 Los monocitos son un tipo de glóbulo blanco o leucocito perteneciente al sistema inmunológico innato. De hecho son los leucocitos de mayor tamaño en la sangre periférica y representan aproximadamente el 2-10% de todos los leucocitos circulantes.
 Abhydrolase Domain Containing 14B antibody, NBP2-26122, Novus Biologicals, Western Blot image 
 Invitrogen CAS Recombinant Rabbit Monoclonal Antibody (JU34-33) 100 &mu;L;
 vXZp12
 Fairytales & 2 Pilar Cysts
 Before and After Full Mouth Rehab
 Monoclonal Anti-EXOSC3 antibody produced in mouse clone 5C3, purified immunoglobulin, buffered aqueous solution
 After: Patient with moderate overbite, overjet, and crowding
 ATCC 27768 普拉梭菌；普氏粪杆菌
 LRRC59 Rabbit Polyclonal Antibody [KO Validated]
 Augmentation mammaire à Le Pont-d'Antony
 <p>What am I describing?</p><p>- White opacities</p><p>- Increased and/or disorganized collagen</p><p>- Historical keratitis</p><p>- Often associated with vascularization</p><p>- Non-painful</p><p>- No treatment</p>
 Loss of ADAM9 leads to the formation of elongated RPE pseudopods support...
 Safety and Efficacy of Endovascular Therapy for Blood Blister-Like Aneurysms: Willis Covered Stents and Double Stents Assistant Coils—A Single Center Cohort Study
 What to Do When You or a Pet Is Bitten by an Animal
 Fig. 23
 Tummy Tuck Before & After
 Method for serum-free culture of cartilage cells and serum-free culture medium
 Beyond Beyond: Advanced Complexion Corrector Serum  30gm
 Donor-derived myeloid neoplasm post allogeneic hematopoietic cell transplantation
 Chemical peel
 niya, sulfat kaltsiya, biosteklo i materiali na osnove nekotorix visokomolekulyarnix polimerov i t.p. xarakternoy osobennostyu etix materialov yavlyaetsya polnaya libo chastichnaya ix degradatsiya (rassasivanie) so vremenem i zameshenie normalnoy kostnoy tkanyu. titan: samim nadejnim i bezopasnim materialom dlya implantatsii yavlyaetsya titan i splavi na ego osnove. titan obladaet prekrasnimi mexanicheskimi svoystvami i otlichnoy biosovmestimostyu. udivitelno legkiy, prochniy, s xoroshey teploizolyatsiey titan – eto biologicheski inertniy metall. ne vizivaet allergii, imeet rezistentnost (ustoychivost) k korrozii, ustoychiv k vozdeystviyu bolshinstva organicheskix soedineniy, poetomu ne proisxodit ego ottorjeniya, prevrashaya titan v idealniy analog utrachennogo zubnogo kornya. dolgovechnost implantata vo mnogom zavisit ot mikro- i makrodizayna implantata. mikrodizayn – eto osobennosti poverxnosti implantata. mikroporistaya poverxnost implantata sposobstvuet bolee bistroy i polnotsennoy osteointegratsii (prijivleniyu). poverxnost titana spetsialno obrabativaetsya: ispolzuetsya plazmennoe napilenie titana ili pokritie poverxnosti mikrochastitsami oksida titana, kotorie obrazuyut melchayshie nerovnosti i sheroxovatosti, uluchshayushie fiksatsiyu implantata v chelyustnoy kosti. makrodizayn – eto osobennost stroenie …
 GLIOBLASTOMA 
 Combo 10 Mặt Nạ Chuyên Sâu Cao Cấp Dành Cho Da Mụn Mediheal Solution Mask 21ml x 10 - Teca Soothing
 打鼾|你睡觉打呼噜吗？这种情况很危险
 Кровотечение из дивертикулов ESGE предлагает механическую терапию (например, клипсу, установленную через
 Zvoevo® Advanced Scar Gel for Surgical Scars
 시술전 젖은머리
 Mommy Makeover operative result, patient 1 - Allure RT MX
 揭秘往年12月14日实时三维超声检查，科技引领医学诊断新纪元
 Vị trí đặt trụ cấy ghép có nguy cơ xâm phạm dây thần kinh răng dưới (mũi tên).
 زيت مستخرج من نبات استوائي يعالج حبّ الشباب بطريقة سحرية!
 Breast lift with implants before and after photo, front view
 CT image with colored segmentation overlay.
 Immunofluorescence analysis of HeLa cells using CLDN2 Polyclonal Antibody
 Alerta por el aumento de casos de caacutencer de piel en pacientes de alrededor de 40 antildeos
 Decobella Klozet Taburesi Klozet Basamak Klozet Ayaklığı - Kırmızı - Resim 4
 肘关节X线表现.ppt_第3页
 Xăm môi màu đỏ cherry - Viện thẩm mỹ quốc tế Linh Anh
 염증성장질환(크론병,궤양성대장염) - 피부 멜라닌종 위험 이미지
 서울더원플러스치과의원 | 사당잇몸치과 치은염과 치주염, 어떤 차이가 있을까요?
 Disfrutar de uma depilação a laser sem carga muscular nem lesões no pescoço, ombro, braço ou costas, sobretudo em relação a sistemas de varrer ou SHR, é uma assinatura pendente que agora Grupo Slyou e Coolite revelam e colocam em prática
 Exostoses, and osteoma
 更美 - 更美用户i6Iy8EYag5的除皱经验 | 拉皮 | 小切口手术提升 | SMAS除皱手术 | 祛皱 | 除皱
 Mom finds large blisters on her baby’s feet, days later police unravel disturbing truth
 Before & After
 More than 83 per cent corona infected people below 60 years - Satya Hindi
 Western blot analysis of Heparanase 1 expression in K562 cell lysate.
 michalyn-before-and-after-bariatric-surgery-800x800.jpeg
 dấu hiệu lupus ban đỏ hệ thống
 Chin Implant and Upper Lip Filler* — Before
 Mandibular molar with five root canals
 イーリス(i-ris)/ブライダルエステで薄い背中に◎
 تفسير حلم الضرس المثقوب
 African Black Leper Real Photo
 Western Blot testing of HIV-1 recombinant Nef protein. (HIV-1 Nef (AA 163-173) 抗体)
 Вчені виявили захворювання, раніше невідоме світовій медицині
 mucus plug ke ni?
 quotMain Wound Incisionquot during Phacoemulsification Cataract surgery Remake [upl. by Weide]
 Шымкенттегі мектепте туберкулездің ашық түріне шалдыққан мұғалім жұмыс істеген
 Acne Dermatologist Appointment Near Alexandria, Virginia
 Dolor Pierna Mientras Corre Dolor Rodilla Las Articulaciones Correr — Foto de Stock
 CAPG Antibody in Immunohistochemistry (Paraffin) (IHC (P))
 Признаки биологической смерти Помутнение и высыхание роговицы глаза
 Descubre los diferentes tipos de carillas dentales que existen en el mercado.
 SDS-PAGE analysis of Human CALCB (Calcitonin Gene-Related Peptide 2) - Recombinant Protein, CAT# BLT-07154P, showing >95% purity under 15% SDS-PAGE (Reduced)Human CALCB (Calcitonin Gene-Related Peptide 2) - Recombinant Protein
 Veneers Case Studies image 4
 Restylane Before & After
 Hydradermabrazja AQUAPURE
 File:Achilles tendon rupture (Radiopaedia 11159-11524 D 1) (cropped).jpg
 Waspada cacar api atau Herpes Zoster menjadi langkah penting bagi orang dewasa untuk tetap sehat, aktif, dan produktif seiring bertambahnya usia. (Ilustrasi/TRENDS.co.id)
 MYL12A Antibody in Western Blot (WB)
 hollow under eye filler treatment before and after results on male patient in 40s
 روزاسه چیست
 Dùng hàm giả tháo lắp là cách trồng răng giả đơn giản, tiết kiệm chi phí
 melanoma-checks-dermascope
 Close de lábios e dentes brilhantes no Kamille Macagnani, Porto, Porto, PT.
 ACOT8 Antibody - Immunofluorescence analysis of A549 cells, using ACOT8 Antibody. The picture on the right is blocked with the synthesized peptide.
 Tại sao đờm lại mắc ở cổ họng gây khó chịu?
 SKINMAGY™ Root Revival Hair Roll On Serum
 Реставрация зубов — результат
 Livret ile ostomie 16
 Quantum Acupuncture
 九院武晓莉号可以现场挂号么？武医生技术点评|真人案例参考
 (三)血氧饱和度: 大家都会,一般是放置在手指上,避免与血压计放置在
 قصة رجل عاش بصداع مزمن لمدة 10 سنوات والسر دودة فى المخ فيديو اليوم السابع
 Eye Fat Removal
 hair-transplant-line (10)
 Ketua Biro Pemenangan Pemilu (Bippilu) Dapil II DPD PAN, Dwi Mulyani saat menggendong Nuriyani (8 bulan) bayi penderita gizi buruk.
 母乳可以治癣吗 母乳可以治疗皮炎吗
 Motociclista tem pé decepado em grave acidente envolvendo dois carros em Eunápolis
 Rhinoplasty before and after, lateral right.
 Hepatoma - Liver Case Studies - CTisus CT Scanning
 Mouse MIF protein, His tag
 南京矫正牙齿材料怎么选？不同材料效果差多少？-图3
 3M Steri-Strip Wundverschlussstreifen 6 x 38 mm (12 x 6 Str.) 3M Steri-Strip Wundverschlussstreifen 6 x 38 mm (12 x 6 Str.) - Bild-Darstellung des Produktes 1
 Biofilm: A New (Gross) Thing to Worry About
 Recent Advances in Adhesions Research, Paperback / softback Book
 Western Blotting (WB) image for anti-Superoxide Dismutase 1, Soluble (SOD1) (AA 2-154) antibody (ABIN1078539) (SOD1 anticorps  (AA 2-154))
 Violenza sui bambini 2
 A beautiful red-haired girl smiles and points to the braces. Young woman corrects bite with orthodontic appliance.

= = =

__TASK ITEM__.
In the listing above, find the line containing "九院武晓莉号可以现场挂号么？武医生技术点评|真人案例参考" and the line containing "母乳可以治癣吗 母乳可以治疗皮炎吗". Output them and every line between, exactly, and nothing else.

__ANSWER SECTION__.
 九院武晓莉号可以现场挂号么？武医生技术点评|真人案例参考
 (三)血氧饱和度: 大家都会,一般是放置在手指上,避免与血压计放置在
 قصة رجل عاش بصداع مزمن لمدة 10 سنوات والسر دودة فى المخ فيديو اليوم السابع
 Eye Fat Removal
 hair-transplant-line (10)
 Ketua Biro Pemenangan Pemilu (Bippilu) Dapil II DPD PAN, Dwi Mulyani saat menggendong Nuriyani (8 bulan) bayi penderita gizi buruk.
 母乳可以治癣吗 母乳可以治疗皮炎吗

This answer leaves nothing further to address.